Let the plane passing through the point `(-1,0,-2)` and perpendicular to each of the planes `2x+y-z=2 and x-y-z=3` be `ax+by+cz+8=0`. Then the value of `a+b+c` is equal to

To solve the problem, we need to find the values of \( a \), \( b \), and \( c \) for the plane equation \( ax + by + cz + 8 = 0 \) that passes through the point \((-1, 0, -2)\) and is perpendicular to the given planes \( 2x + y - z = 2 \) and \( x - y - z = 3 \). ### Step 1: Substitute the point into the plane equation The plane passes through the point \((-1, 0, -2)\).
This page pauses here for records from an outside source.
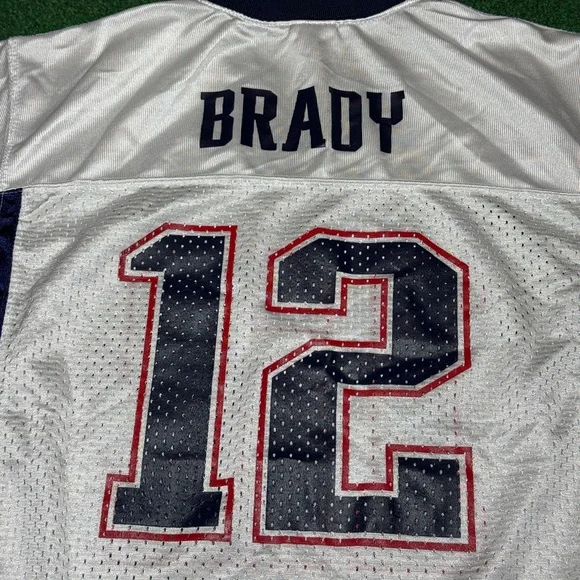 Vintage Y2K Tom Brady New England Patriots Jersey, NFL Football Reebok (Small) - Picture 7 of 9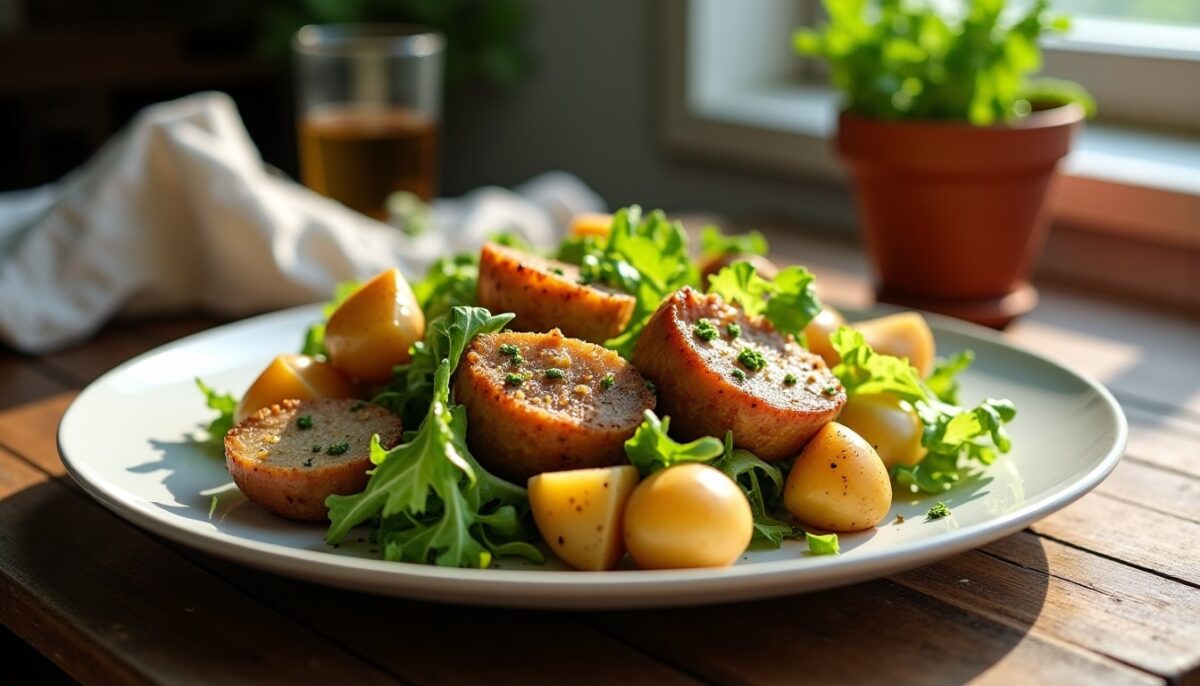 Salade tiède de gésiers et pommes de terre : la recette gourmande et complète à découvrir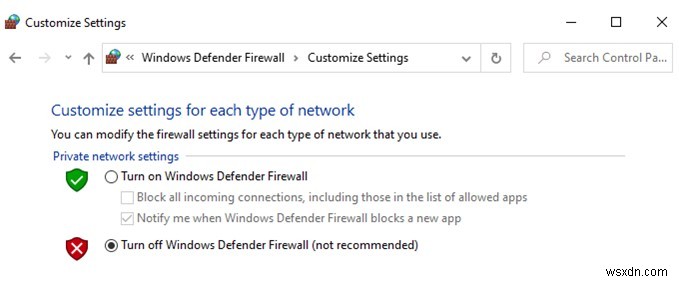 VPN gặp sự cố khi kết nối - Windows 10
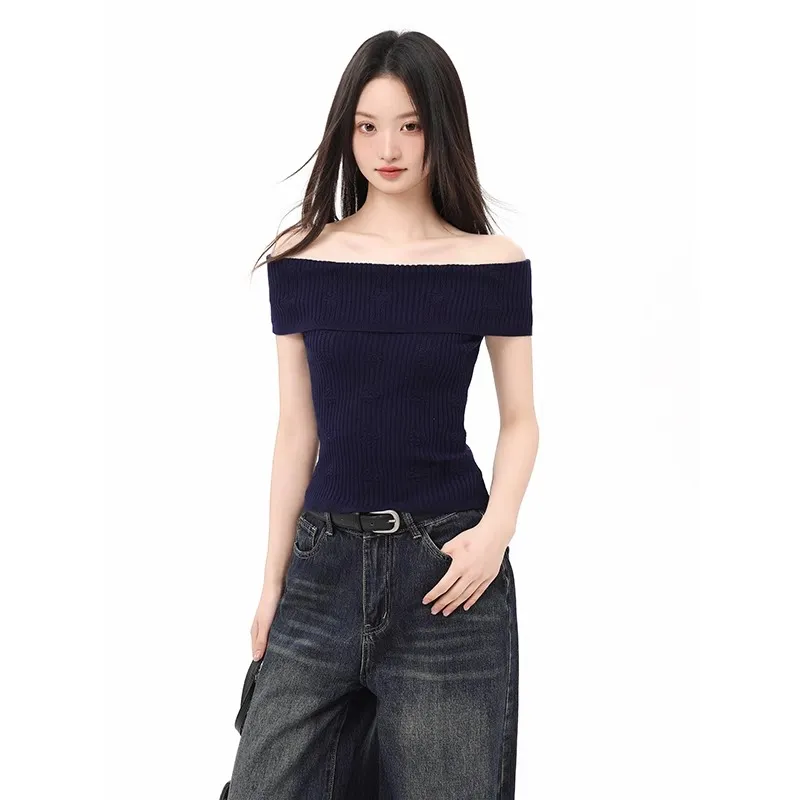 EVPGB Knitwear Women's Navy Blue+Giveaway-1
We substitute these coordinates into the plane equation: \[ a(-1) + b(0) + c(-2) + 8 = 0 \] This simplifies to: \[ -a - 2c + 8 = 0 \] Rearranging gives us our first equation: \[ a + 2c = 8 \quad \text{(Equation 1)} \] ### Step 2: Find the normal vectors of the given planes The normal vector of the first plane \( 2x + y - z = 2 \) is \( \vec{n_1} = (2, 1, -1) \). The normal vector of the second plane \( x - y - z = 3 \) is \( \vec{n_2} = (1, -1, -1) \). ### Step 3: Find the normal vector of the required plane Since the required plane is perpendicular to both given planes, its normal vector \( \vec{n} = (a, b, c) \) must be orthogonal to both \( \vec{n_1} \) and \( \vec{n_2} \). This gives us two equations: 1. The dot product with \( \vec{n_1} \): \[ 2a + b - c = 0 \quad \text{(Equation 2)} \] 2. The dot product with \( \vec{n_2} \): \[ a - b - c = 0 \quad \text{(Equation 3)} \] ### Step 4: Solve the system of equations Now we have three equations to solve: 1. \( a + 2c = 8 \) (Equation 1) 2. \( 2a + b - c = 0 \) (Equation 2) 3. \( a - b - c = 0 \) (Equation 3) We can solve these equations step by step. From Equation 3, we can express \( b \) in terms of \( a \) and \( c \): \[ b = a - c \quad \text{(Substituting into Equation 2)} \] Substituting \( b \) into Equation 2: \[ 2a + (a - c) - c = 0 \] \[ 3a - 2c = 0 \quad \Rightarrow \quad 3a = 2c \quad \Rightarrow \quad c = \frac{3}{2}a \] ### Step 5: Substitute \( c \) back into Equation 1 Now substitute \( c = \frac{3}{2}a \) into Equation 1: \[ a + 2\left(\frac{3}{2}a\right) = 8 \] \[ a + 3a = 8 \] \[ 4a = 8 \quad \Rightarrow \quad a = 2 \] ### Step 6: Find \( c \) and \( b \) Now, substituting \( a = 2 \) back into \( c = \frac{3}{2}a \): \[ c = \frac{3}{2}(2) = 3 \] Now substitute \( a \) into \( b = a - c \): \[ b = 2 - 3 = -1 \] ### Step 7: Calculate \( a + b + c \) Now we have: - \( a = 2 \) - \( b = -1 \) - \( c = 3 \) Thus, \[ a + b + c = 2 - 1 + 3 = 4 \] ### Final Answer The value of \( a + b + c \) is \( \boxed{4} \).